• What you should do:
Repeat exactly the lines of the entries below from the one with "Anime picture 1500x958" through the one with "Lace Trim Waffle-Knit", both ends included, and nothing else.

__________________________________________________

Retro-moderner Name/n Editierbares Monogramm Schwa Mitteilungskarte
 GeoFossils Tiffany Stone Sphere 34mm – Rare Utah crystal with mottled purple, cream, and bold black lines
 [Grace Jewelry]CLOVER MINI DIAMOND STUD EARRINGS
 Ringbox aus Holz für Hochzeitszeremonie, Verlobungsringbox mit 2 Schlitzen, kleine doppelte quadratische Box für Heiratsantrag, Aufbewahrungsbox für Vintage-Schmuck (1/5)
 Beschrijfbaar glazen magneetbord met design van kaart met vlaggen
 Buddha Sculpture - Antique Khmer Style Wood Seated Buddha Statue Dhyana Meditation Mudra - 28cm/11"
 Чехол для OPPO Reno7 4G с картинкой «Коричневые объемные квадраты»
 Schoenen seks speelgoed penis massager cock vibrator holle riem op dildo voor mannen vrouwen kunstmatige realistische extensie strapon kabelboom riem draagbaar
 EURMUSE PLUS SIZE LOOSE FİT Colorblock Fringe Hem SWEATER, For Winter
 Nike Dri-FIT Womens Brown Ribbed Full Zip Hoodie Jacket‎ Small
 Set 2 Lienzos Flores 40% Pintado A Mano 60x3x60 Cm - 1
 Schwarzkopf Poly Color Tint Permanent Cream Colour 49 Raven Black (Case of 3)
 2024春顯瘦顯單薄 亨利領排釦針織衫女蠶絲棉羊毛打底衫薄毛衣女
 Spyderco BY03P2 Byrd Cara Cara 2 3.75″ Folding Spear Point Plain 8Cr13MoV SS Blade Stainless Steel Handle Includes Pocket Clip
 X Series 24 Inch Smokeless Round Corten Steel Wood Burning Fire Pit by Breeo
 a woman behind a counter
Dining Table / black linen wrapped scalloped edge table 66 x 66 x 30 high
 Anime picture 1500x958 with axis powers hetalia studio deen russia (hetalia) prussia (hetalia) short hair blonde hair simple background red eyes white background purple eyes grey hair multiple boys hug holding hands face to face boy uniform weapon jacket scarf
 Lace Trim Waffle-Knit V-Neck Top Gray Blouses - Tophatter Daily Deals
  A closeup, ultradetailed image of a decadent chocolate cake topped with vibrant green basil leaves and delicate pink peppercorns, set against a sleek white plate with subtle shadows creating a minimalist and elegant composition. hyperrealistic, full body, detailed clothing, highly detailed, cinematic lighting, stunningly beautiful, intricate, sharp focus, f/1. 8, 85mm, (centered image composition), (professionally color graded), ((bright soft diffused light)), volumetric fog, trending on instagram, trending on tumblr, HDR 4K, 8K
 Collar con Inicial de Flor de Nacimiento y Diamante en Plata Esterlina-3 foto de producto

__________________________________________________

• Answer for this exercise:
 Anime picture 1500x958 with axis powers hetalia studio deen russia (hetalia) prussia (hetalia) short hair blonde hair simple background red eyes white background purple eyes grey hair multiple boys hug holding hands face to face boy uniform weapon jacket scarf
 Lace Trim Waffle-Knit V-Neck Top Gray Blouses - Tophatter Daily Deals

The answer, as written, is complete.